WBC世界スーパーバンタム級名誉王者の西岡利晃(36=帝拳)が13日、都内のホテルで引退会見を開き、来年から関西でジムを開設し、後進の育成に励む考えを表明した。命を懸けて、数々の苦難を乗り越えてきたボクシング人生。ジムの会長になっても、世界王者の輩出だけにこだわらず、4回戦ボクサーでも、ボクシングに人生を懸けられる「侍ボクサー」を育て上げる。
次の夢へのスタートは切った。西岡は故郷の関西でジムの会長になるため、大阪から神戸地区の物件探しに入った。だれもが世界王者の誕生を目指すが、36歳の苦労人の考えは違った。「4回戦ボクサーでも、その時に頑張って、感動を与える選手になれば」と、自らのボクシング人生を重ねるように言った。
まさに侍魂のかたまりだ。「過酷なトレーニングをして、命を懸けて試合に臨んできた。すべてを懸けて戦うからこそ感動を生む」。00年から4度の世界挑戦失敗と2度のアキレスけん断裂。何度も引退危機に見舞われたが、あきらめなかった。08年からは兵庫・尼崎に住む家族と別居し、ボクシングに打ち込んだ。
08年9月、32歳で悲願の世界王者になったが、その後も1ラウンド4分、超薄手のグローブで練習するなど、独自の工夫を欠かさなかった。取材では常に勝利を断言。
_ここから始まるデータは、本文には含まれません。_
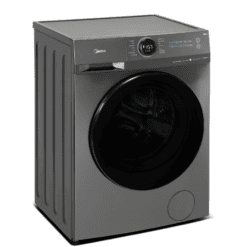Lavarropas Midea MF200W80 8Kg 1400 Rpm Inverter Titanium - Imagen 2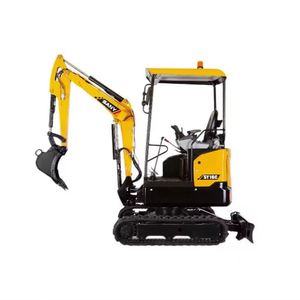 Mini Excavadora SANY SY16C de 1.6 Toneladas, Certificada por CE y EPA, en Buenas Condiciones y a Bajo Precio - Product Image 1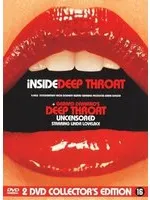 Omslag van Inside Deep Throat / Deep Throat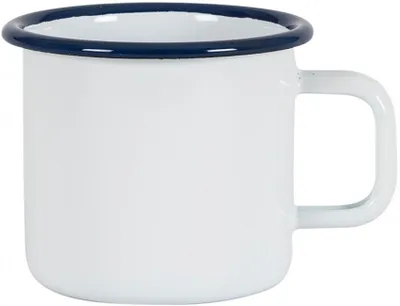Produktbild von Kaffee-/Teebecher 8cm, Kockums weiß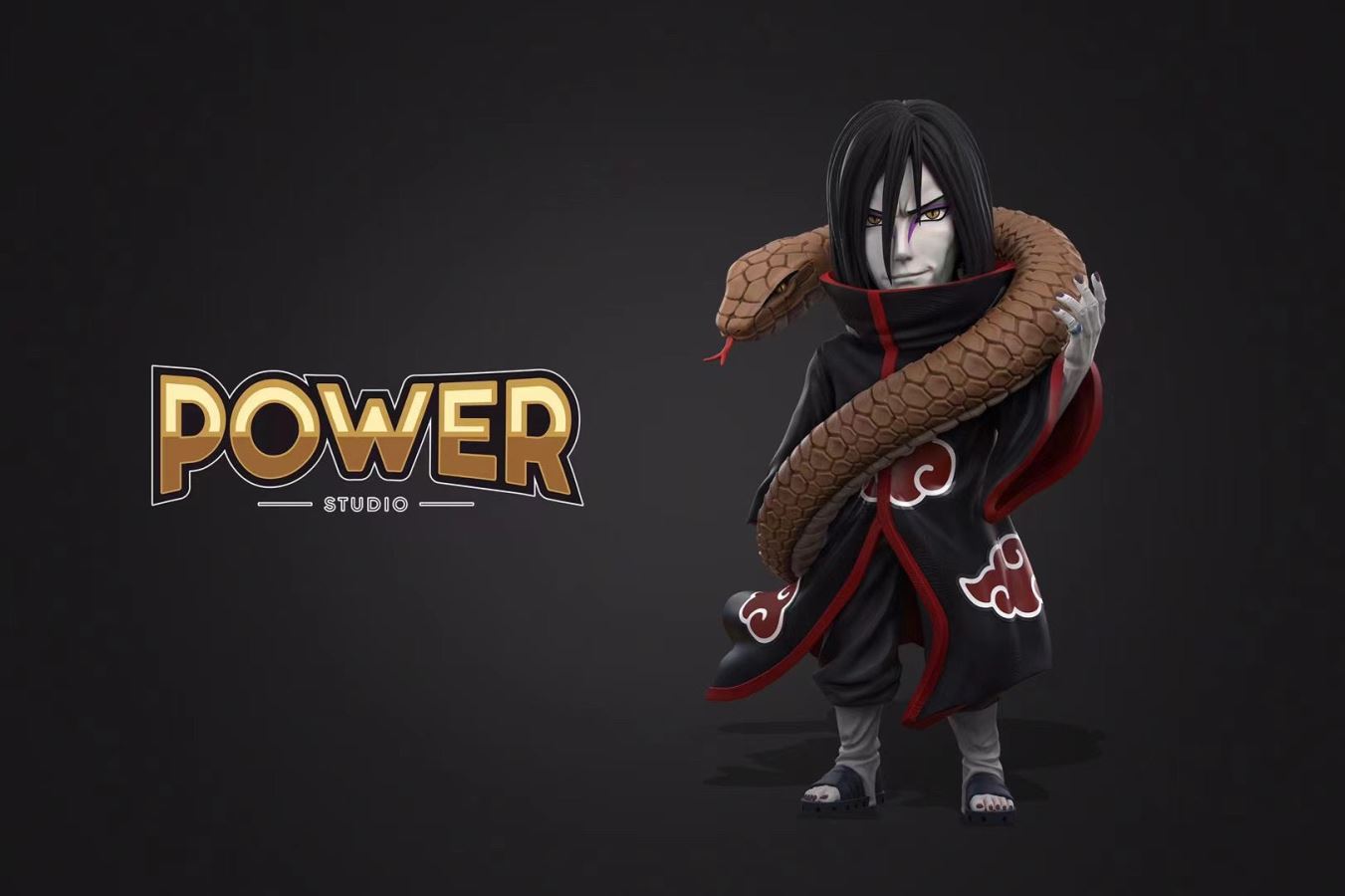 Orochimaru - Naruto
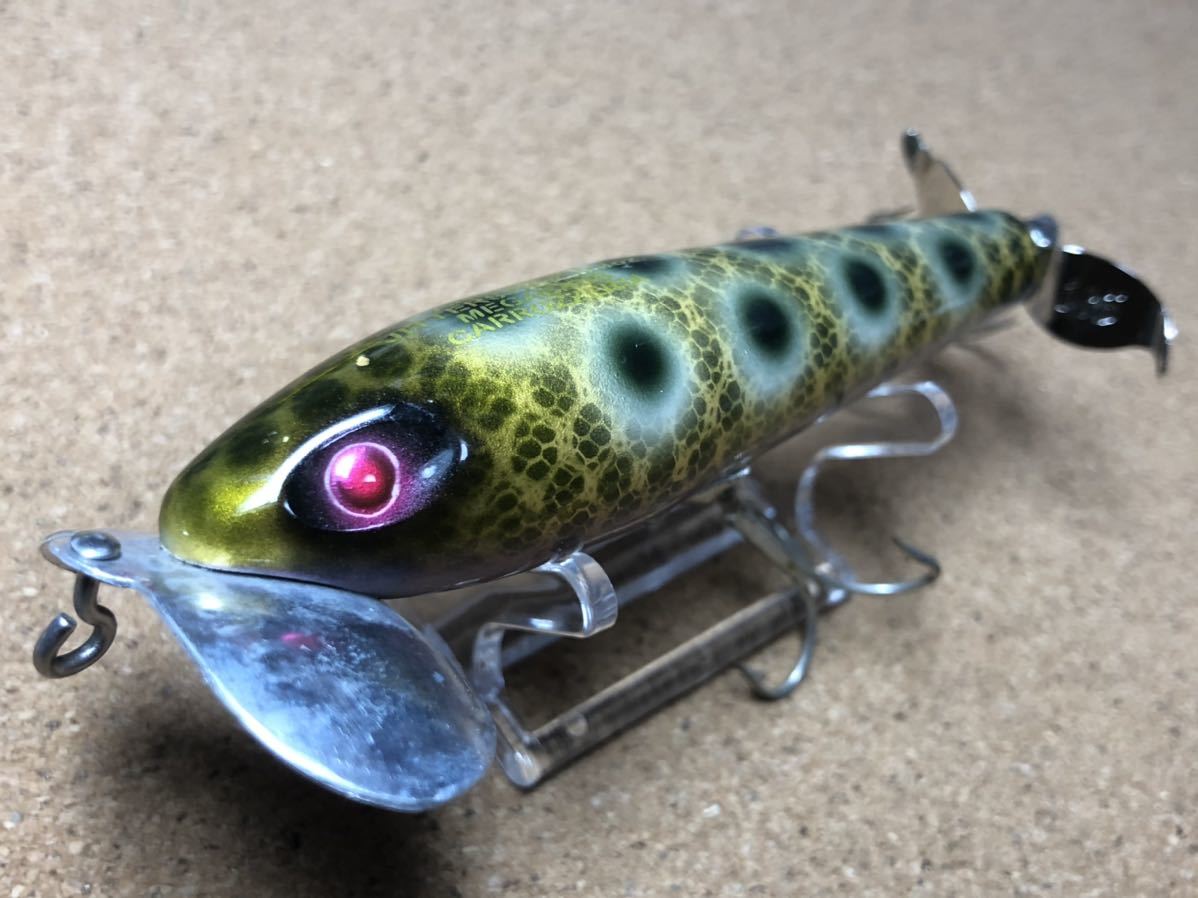 限定カラー】ジッターバグ Megabass× ARBOGAST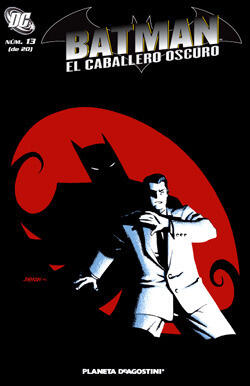 Batman El Caballero Oscuro, núm. 13 de 20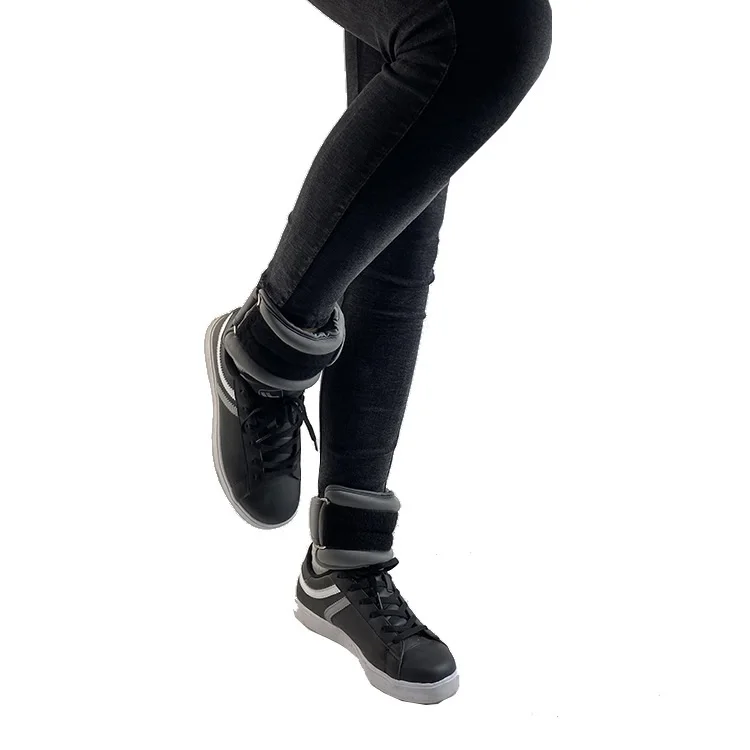 
Factory Wholesale High Quality Leggings Load Sandbags Fitness Equipment Adjustable Sandbag Made of Iron Sand for Body Building 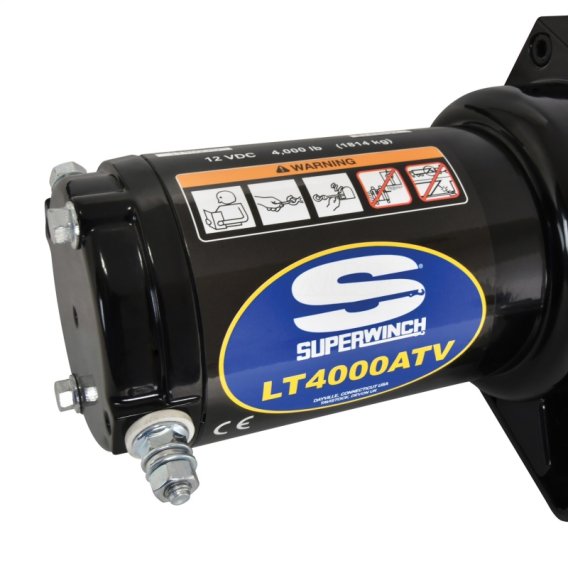 SUW LT Series Winches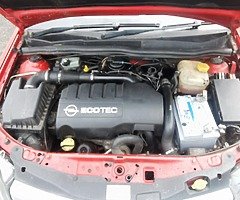 Opel astra cupe gtc1. 3 - Image 8/10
「なりたい、したいとか、そんな願望は誰にでも言える。断定の言葉には、信念と覚悟と決意があるんです」。強烈なプライドを持ち、先月には4階級王者ドネアとのスーパーファイトを実現した。
「大満足で本当に幸せなボクシング人生でした」。世界王者であれ、4回戦ボクサーであれ、完全燃焼して、自分のように胸を張って、現役生活を振り返られる選手を作りたい。帝拳ジムの浜田剛史代表は「苦難を乗り越えただけに、いい選手を育ててくれるはず」とエール。ジムには帝拳の名を付けるプランもある。西岡の第2のボクシング人生が始まった。【田口潤】
◆西岡利晃
にしおか・としあき。1976年(昭51)7月25日、兵庫県加古川市生まれ。JM加古川ジムから00年に帝拳ジム移籍。08年9月WBC世界スーパーバンタム級王座獲得。7度防衛成功、今年3月に日本人初の名誉王者。戦績は47戦39勝(24KO)5敗3分け。